What to produce:
Scan the entries below, and for each line that includes the word "Prix", make a copy.

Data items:
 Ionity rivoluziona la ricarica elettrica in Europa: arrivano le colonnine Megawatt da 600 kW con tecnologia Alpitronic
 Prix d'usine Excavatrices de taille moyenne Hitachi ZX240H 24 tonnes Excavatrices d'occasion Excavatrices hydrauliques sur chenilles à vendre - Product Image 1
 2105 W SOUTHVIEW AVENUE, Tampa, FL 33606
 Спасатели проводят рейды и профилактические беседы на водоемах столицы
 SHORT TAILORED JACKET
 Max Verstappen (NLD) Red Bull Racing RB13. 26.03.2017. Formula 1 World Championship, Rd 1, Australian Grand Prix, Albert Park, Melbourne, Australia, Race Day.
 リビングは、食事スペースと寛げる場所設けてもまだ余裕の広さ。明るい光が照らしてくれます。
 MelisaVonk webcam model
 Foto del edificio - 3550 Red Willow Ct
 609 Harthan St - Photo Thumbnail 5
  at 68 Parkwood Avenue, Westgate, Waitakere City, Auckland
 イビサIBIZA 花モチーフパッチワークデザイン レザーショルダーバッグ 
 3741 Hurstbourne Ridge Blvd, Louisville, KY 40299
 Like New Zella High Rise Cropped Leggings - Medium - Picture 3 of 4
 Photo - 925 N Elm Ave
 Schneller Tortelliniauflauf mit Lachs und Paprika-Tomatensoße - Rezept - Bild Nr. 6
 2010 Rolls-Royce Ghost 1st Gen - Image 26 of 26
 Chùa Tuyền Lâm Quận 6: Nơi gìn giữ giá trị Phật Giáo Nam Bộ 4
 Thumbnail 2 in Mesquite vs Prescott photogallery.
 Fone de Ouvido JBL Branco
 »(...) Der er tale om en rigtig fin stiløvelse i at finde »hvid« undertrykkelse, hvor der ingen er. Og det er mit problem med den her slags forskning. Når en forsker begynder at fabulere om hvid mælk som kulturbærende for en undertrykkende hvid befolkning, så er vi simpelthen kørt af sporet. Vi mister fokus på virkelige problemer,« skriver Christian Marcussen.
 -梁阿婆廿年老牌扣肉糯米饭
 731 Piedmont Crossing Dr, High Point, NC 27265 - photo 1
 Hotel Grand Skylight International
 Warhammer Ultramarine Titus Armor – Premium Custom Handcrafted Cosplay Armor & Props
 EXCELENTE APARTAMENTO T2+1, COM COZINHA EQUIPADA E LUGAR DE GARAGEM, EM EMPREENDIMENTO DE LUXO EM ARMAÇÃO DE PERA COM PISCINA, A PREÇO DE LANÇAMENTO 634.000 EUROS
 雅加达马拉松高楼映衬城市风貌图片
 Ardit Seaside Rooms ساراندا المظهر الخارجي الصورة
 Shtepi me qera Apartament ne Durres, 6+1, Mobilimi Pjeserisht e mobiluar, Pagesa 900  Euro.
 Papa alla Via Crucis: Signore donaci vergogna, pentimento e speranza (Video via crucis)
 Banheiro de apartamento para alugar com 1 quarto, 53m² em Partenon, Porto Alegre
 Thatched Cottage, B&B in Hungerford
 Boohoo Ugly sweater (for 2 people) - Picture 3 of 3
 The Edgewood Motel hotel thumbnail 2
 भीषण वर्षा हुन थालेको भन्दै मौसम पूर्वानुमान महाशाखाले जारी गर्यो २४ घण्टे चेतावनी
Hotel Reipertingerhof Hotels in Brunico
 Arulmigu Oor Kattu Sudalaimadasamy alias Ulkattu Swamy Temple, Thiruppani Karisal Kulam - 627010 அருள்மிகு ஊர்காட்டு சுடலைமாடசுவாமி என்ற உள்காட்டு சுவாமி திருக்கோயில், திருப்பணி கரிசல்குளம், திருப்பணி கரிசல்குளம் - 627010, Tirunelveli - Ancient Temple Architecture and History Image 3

Task response:
 Prix d'usine Excavatrices de taille moyenne Hitachi ZX240H 24 tonnes Excavatrices d'occasion Excavatrices hydrauliques sur chenilles à vendre - Product Image 1
 Max Verstappen (NLD) Red Bull Racing RB13. 26.03.2017. Formula 1 World Championship, Rd 1, Australian Grand Prix, Albert Park, Melbourne, Australia, Race Day.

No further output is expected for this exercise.